The Centre on Law & Social Transformation/CMI has received 10 million NOK from the Research Council of Norway for a research project on water rights. The project ‘Elevating water rights to human rights: Has it strengthened marginalized peoples’ claim for water?’ ask if the recognition of a human right to water has made states more accountable to their populations in providing access to clean water for poor sectors of society.
Water scarcity remains a huge and increasing problem in many countries, as industrial demands for water compete with the water needs of a growing population and with climate change exacerbating the problems. Globally, 750 million people do not have access to clean water and 2.5 billion lack adequate sanitation causing millions of deaths every year. In 2010, the UN General Assembly declared water as an independent human right, thereby creating an internationally binding mechanism to pursue the right to water. This is seen as an important tool for improving access to water for the poor and marginalized – but has it been of help?
There is a knowledge gap with regard to what the international recognition of the human right to water actually means for the empowerment of socially and marginalized people, and how it most effectively can be used to protect and enforce their human right to water.

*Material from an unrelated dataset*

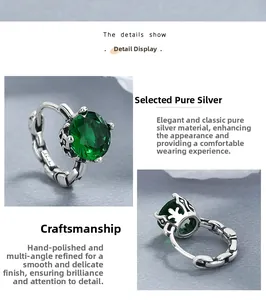 Macro view of S925 sterling silver emerald earrings showing fine engravings and hallmarks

The project ‘Elevating water rights to human rights: Has it strengthened marginalized peoples’ claim for water?’ aims to fill this knowledge gap through three separate, but intertwined, parts: First, the project team will conduct five country case studies of attempts to enforce the human right to water through litigation, legal reforms, the use of UN mechanisms and political mobilization (Brazil, Costa Rica, India, Peru and South Africa). Second, the researchers will assess the impact of water disputes in terms of human development; and third, they will develop a database of water rights-related cases handled by domestic Constitutional or Superior courts for all countries in the world and at international courts and tribunals.

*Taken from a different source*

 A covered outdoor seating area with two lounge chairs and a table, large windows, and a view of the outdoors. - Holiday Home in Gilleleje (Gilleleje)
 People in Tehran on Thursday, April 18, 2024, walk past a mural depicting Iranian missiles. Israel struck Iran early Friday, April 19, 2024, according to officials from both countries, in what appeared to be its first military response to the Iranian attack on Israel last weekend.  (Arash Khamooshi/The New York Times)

By improving our understanding of the potential of rights based strategies in securing access to clean water for marginalized populations, the project also aims to contributing to the understanding of rights as instruments of pro-poor social change and methods for empirically assessing effects of rights and lawfare.
The project is a collaboration with LawTransform Fellows at a number of institutions: Bruce Wilson (PI), Lara Côrtes, Camila Gianella and Malcolm Langford from the CMI, Tore Sætersdal and Siri Gloppen from the University of Bergen, Danel Brinks from the University of Texas at Austin, Jackie Dugard from the University of Witwatersrand School of Law in Johannesburg, Namita Wahi from the Centre for Policy Research in Delhi and the Research Center at the University of the Pacific in Peru.